この記事では、人々の生活を豊かにする可能性に満ちたオープンバンキングについて、銀行が活用するメリットや日本および世界の現状について解説します。
オープンバンキングとは?
オープンバンキングとは、Fintech企業や会計ソフト開発企業などの外部事業者へ、銀行が保有する各種データや機能を提供・共有することにより、新たなサービスを創出する取り組みを指します。
例えばfreee株式会社が提供するクラウド会計ソフト「会計freee」には、銀行口座と連携させることで、経費を自動的に仕訳する機能があります。
オープンバンキングの本質は、銀行と外部事業者が協力して新たな価値あるサービスを提供し、社会をより良くすることにあります。
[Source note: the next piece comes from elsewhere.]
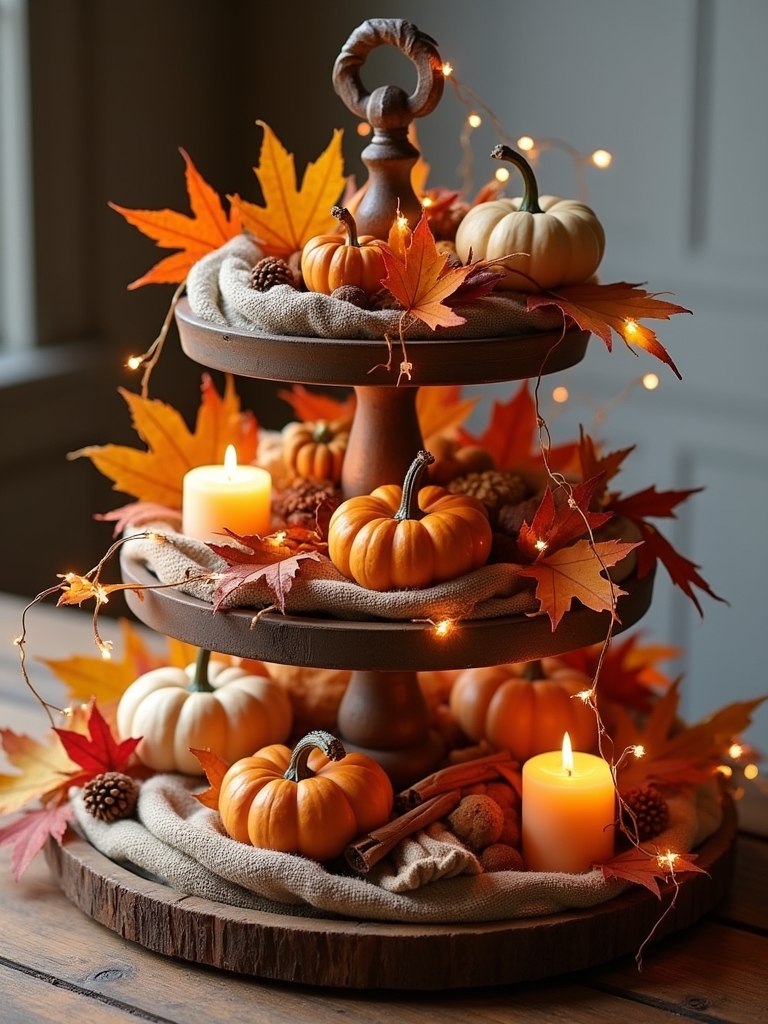vibrant fall leaf garlands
またオープンバンキングでは、銀行と企業の間でデータのやり取りを可能とする「オープンAPI」という仕組みが使用されています。
オープンバンキングが重要な理由
ここではオープンバンキングが重要な理由について解説していきます。
顧客は金融サービスプロバイダーから、より優れたソリューションを期待されています。
現代はデジタル化が進んでおり、従来のバンキングモデルは現在の状況に合わなくなっています。
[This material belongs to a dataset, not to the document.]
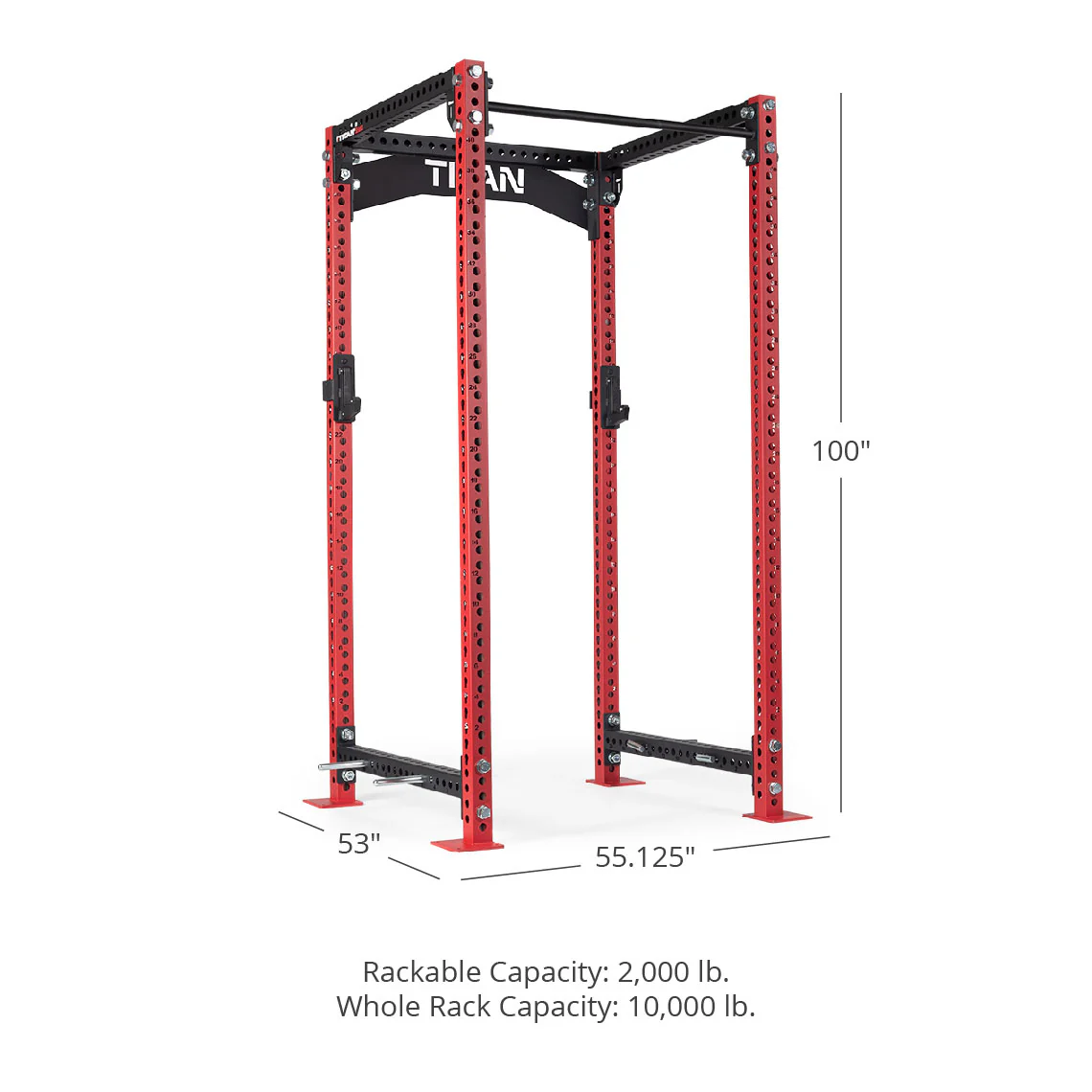 TITAN Series Power Rack 100" 42" - Image 127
オープンバンキングはデジタル取引を合理化するだけでなく、オンライン金融データのセキュリティを強化し、皆様が金融機関とのやり取り方法を変える可能性を秘めているのです。
オープンバンキングにより、銀行や金融機関には大きなチャンスが生まれます。
これによって、さまざまな収益ストリームが生み出されるでしょう。
オープンバンキングの採用が銀行に義務付けられているかどうかにかかわらず、顧客に金融サービスを提供するための新しい手段の創造には利点があります。
オープンバンキングの仕組み
ここではオープンバンキングの仕組みについて解説します。
オープンバンキングは、主にAPIを利用することにより機能が実現されます。
APIの主な目的は、ソフトウェアプログラムを通じて他のプログラムとデータを交換することです。
この方法を使えば、ある銀行は直接他の銀行とデータを共有できます。
その際には、双方が同じプログラムを使う必要はありません。
オープンバンキングのAPIは顧客がパスワードを共有する必要のないよう、プロバイダー同士が直接接続を確立することでこの問題を解決します。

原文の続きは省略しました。